One, unaccountable, was with Tony Pozzi, who had developed a 30-unit condo project near Poughkeepsie, N.Y., a small town up the Hudson Valley.  Tony was a small-time contractor and due to the economy his units stood unsold. Tony was personally liable for the entire loan (which was about $2 million), and if Citibank wanted, we could seize everything Tony owned—his house, cars and even his construction equipment.

I did not know why Citibank, which made big loans to institutional types, had lent to a small-time contractor, but there I was one morning, on the train to be picked up by Tony to see the project. It was then I discovered Tony and my boss’s boss, Dean Seltzer, were both Italian (Dean only half so, which he tried it hide at Citibank, that bastion of WASPs), had met, became friends and Dean made the loan because of it.

(Oh boy, did I have a lot to learn.)

Tony picked me up in his late-model Cadillac convertible, top-down. He was about 45 years old with black hair pushed back in a style then fashionable among Italians (think John Travolta in Saturday Night Fever), and Tony Pozzi definitely was Italian.

I toured the project. It was well made and well appointed, and the bank’s best course of action was to hang-in until the economy improved. 

After that, I thought Tony would deposit me back to the train station, and the next day I would write my report recommending my conclusion and I told Tony not to worry.
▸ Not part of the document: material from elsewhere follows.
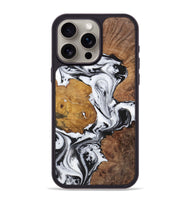 iPhone 15 Pro Max Wood+Resin Phone Case - Luciana (Black & White, 723241)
He would be fine.

Instead of taking me to the train station, Tony said he wanted to show me his home, and being polite, I accepted and off we went to a nice neighborhood of well-kept homes. As Tony pulled into his driveway, his wife emerged, immaculately coifed and dressed, welcomed me with a glass of lemonade, and escorted me to the home’s formal drawing room.
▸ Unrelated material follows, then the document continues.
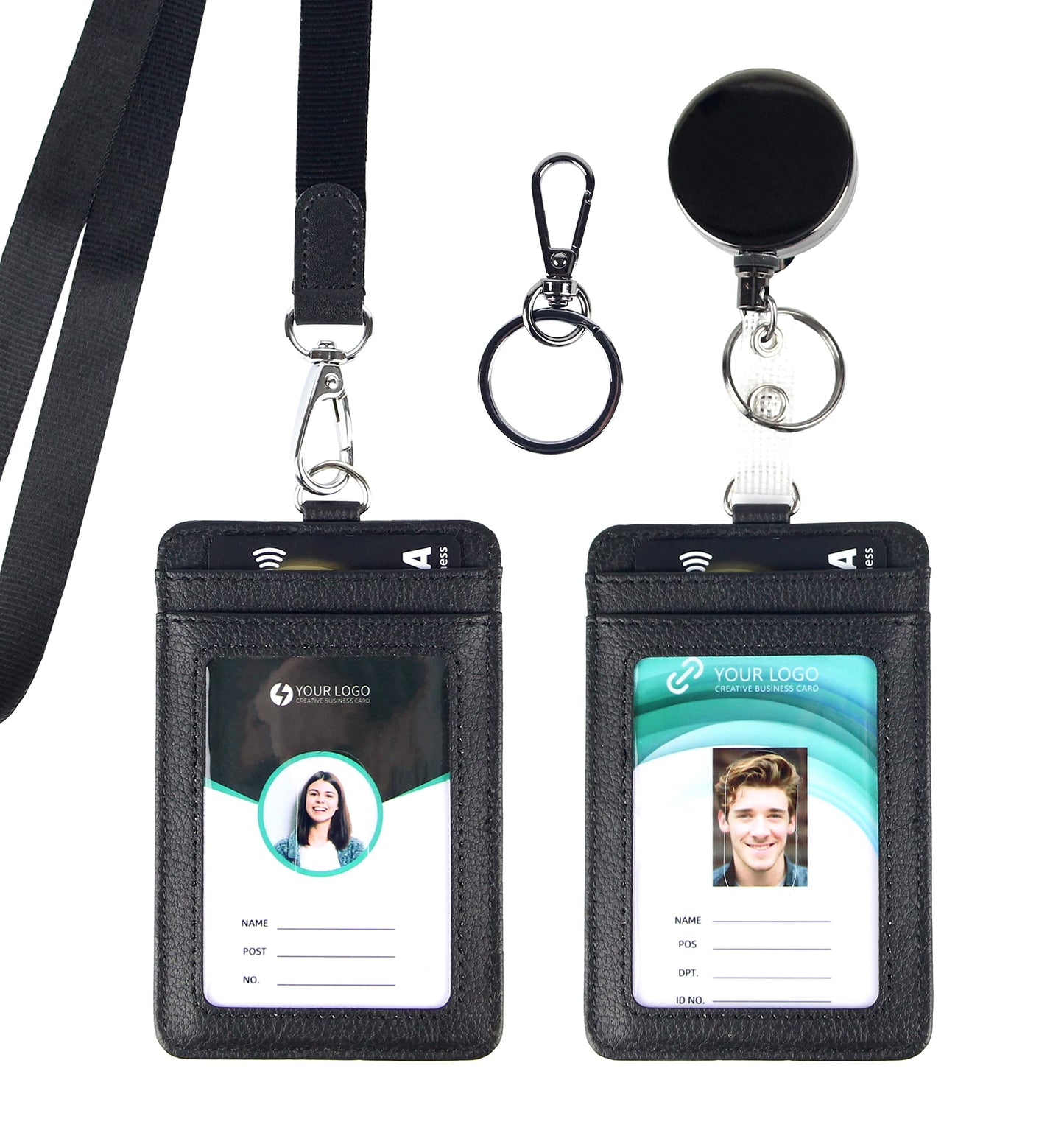 Walaufsti ID Badge Holder with Two ID Windows, 2 Pack Vertical PU Leather Badge Card Holder with 1 Heavy Duty Retractable Reel & 1 Lanyard & 1 Keychain Clip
A drawing room is an old concept: you used it only for “honored guests.” Tony’s Drawing Room was one full step above the rest of the house. The shag carpet was pure white; the couches were a variety of primary colors and all of them were covered with plastic. I mean all of them. I had heard about that phenomenon but never seen it personally.

To tell the truth, I was both flabbergasted and intimidated. I had never been an “honored guest,” never sat in a “drawing room,” and to add to it, sitting there were Tony’s mother and father, his wife’s parents, and one older cousin. As I entered, they rose as one and that if that was not enough, they treated me like a sultan.

That included a big Italian dinner with me at the head of the table.  But before that, Tony made sure we each drank three scotch-on-the-rocks, and I relaxed. 

Well, the dinner was splendid and got even better when Tony cranked up the volume on his record player, and sang, very loudly, Sinatra songs. Tony had a great voice, and even I attempted to sign along.

It was a wonderful evening, a loving family, and for me, an experience I always will treasure.

Michael grew up in Corona del Mar, now lives in Laguna Beach, and a co-founder of The Orange County School of the Arts and The Discovery Cube.